I was picking the brain of a restauranteur for insight into things like Groupon. He confirmed what we all understand in the abstract: that these deals are terrible for the businesses that offer them; that they draw in nomadic deal hunters from a vast surrounding region who are unlikely to ever return; that most deal-hunters carefully ensure that they spend just the deal amount or slightly more; that a badly designed offer can bankrupt a small business.
He added one little factoid I did not know: offering a Groupon deal is by now so strongly associated with a desperate, dying restaurant that professional food critics tend to write off any restaurant that offers one without even trying it.
Yet, I’ve used (and continue to use) these services and don’t feel entirely terrible about doing so, or truly complicit in the depredations of Groupon. Why? It’s because, like most of the working class, I’ve developed a locust morality.
Thinking about locusts and the behavior of customers around services like Groupon, I’ve become convinced that the phrase “sharing economy” is mostly a case of putting lipstick on a pig. What we have here is a locust economy. Let me explain what that means.

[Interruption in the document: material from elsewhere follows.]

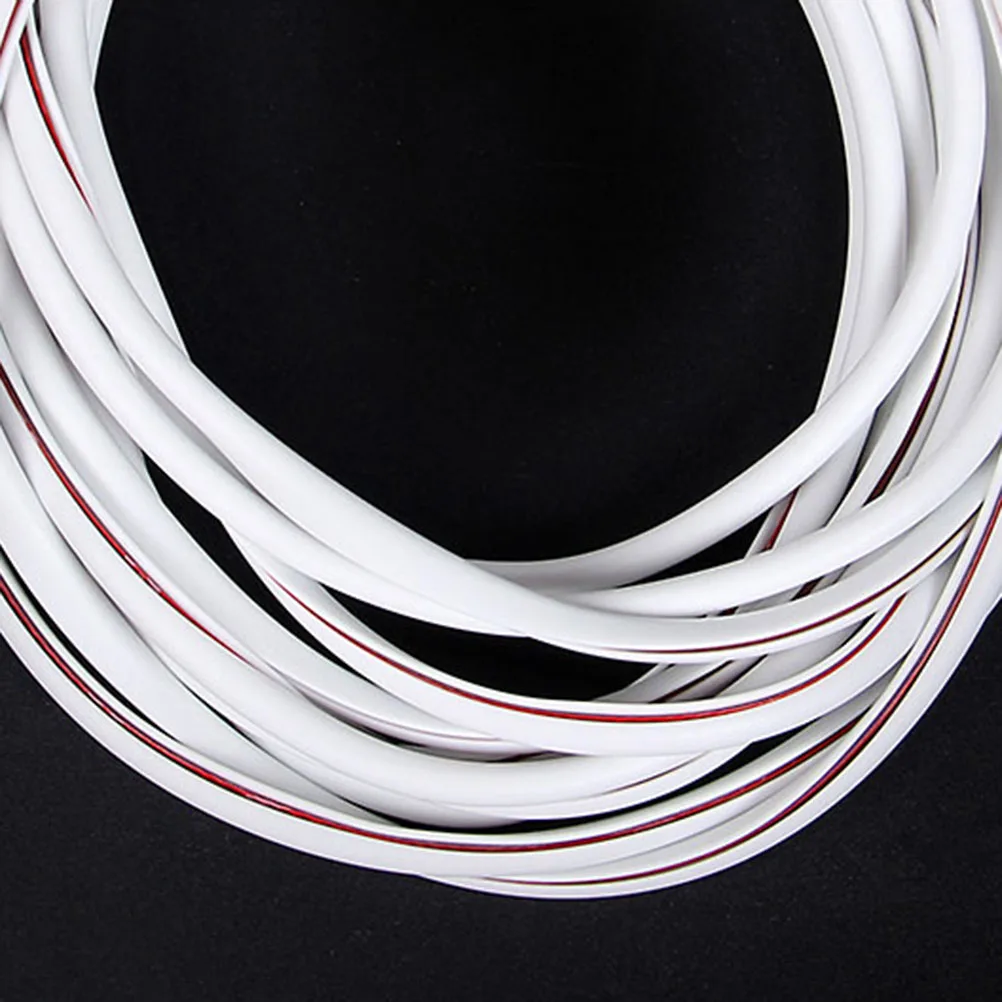 

5 M Door Seal Strip Car Edge Protector Clear Sill Guards Durable Removable Sticker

Why locusts? Because I just learned a fascinating fact about them: they are not a separate species.
Locusts are the swarming phase of certain polymorphic grasshoppers that are normally solitary creatures, but under certain conditions (such as overcrowding, certain chemical trigger conditions and other subtleties I don’t get) they change their physical appearance, get a lot stronger, a lot more gregarious and aggressive, and form huge nomadic swarms. The picture above shows the two phases of the desert locust. At one time, they were thought to be distinct species.
When I first learned about this bit of science trivia last week, my immediate reaction was “wow, locusts are basically zombie grasshoppers!” But the more I thought about it, the more it struck me that this is a case of fact being stranger than fiction. Locusts are stranger and scarier than the zombies of our imagination.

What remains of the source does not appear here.